Chicken Pastel / Pot Pie: Historically, We're All the Same
I've been having to plan and prepare all my lunches at my new place of work, which isn't much more effort than what I've accorded lunch-making in the past; as long as I stay on top of groceries (fresh fruit and yogurt, in particular) I can leave my emergency stash of instant cupped ramen tucked away in a drawer.
On Saturday I made a large batch of Chicken Pastel, or what you may consider the Filipino take on Chicken Pot Pie - its structural difference being a pastry crust covering just the top of the pie (not encasing the bottom and sides of the filling), and flavour-wise having its cream-based sauce spiked with the zing of hot chorizo sausages. One pie for dinner, one for the freezer and lots left over to pack as a chunky stew for the week. Efficiency!
Chicken Pastel is another dish certainly worthy of commanding a food lover/historian's piqued interest. When did this unassuming dish, comprised of ingredients which can all be classified as "commonplace" (in modern kitchens, at least) make its way into the repertoire of Filipino cooking?
I love delving into this stuff. Let's take a quick analysis of the components of Chicken Pastel. Many recipes abound - setting aside the pastry, core ingredients include chicken thighs or breasts, heavy cream, carrots, potatoes and a green vegetable, often peas or sweet peppers. On the Internet today, most Chicken Pastel recipes come from the blogs of home cooks - of which ingredients such as Vienna sausages, canned cream of mushroom soup, evaporated milk and chopped hotdogs make the cut.

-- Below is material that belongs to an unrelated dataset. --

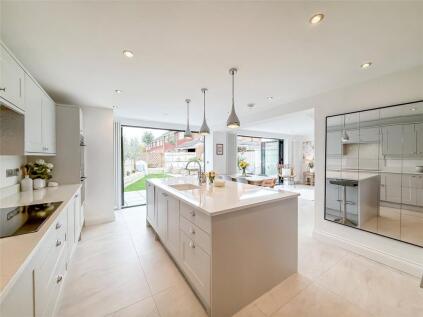 Chesterton Avenue, Harpenden, Hertfordshire, AL5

Culinary traditionalists may look away at this point - discounting this type of Filipino recipe as one that may not really count as "Filipino", either because it is full of shortcuts that undermine the making of a proper stew-like filling with salt-laden canned goods (and bright-red hotdogs), or because, to venture down a historical perspective, mushrooms and cream and even the sausages characteristic to Pastel aren't native ingredients of the Philippines to begin with.
This branches off into more topics of interest that I have yet to research on, and I will certainly keep track of these ingredient-history questions specific to set timeframes in Philippine history. In this context, for instance, my guess is that the popularity of Chicken Pastel as a special occasion dish may have begun in the years of Spanish occupation, finding its way into the mainstream (and everyday budgets) of most Filipinos during American governance, coinciding with the availability and affordability of tinned sausages, milk and concentrated mushroom soup. In the 70s onwards - made popular and enjoyed by a generation of Filipinos whose diets are greatly influenced by supermarket prices, plus those now scattered across the globe, writing food blogs to counter a longing for home - Chicken Pastel became an everyday dish.
I eagerly await my copy of Alan Davidson's The Oxford Companion to Food arriving at my doorstep. Easily a lot more to read and learn about!